Generate Speech with Language and Emotion Control
import requests
response = requests.post(
"http://localhost:7860/api/v1/tts",
json={
"text": "Your GPU deployment is ready.",
"language": "en",
"speaker": None, # None uses default speaker
"emotion": "neutral", # Options: neutral, happy, sad, angry, fearful, disgusted, surprised
"format": "wav",
"streaming": False
}
)
response.raise_for_status()
with open("output.wav", "wb") as f:
f.write(response.content)Voice Cloning
Fish Speech clones voices from a reference audio clip. No fine-tuning required:
import requests
with open("reference.wav", "rb") as ref:
response = requests.post(
"http://localhost:7860/api/v1/tts",
data={
"text": "Cloned voice generation test.",
"language": "en",
"format": "wav"
},
files={
"reference_audio": ref,
"reference_text": (None, "Transcript of the reference audio clip.")
}
)
response.raise_for_status()
with open("cloned.wav", "wb") as f:
f.write(response.content)Reference audio recommendations: 5-15 seconds, clean recording, minimal background noise, consistent energy. Shorter clips work but speaker similarity drops below 85%.
License Note
Fish Speech 1.5 is licensed CC BY-NC-SA 4.0. This allows non-commercial use with attribution. For commercial applications, contact FishAudio for a commercial license before deploying to production.

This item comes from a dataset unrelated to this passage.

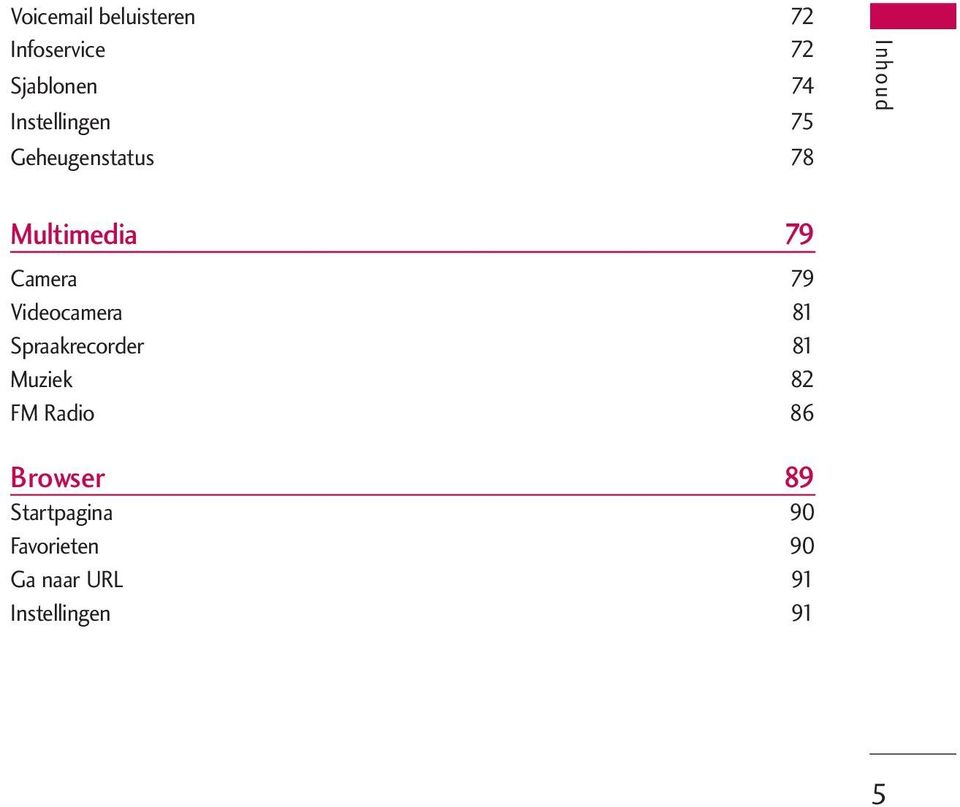 79 Videocamera 81 Spraakrecorder 81 Muziek 82 FM Radio 86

Step-by-Step: Deploy Fish Audio S2
S2 is the model to reach for when quality and expressiveness matter more than raw footprint. It ships as a complete system: weights, fine-tuning code, and an SGLang-based serving stack. Because the Dual-AR architecture is structurally close to a standard autoregressive LLM, S2 inherits the usual LLM serving optimizations (continuous batching, paged KV cache, CUDA graph replay, and RadixAttention prefix caching) instead of needing custom inference infrastructure.
Before you wire up a GPU, decide whether you even need to. If you are under ~50M characters per month, FishAudio's managed Text-to-Speech API is often cheaper than running a dedicated A100 PCIe and carries zero GPU overhead, so you can skip this whole section and call S2 over HTTP. Self-host when you need higher volume, data residency, or full production independence. The steps below cover self-hosting the open weights.
Instance Requirements
FishAudio has not published official minimum VRAM or concurrent-stream benchmarks for S2 yet, so size conservatively and measure on your own hardware. The reference numbers FishAudio reports are from a single H200: a real-time factor of 0.195, time-to-first-audio around 100ms, and throughput above 3,000 acoustic tokens per second while keeping RTF under 0.5. An H100 PCIe is a sensible starting point for self-hosting; benchmark before you commit to capacity. For the H200 setup the numbers were measured on, an H200 instance is the closest match. Check current GPU pricing for live rates.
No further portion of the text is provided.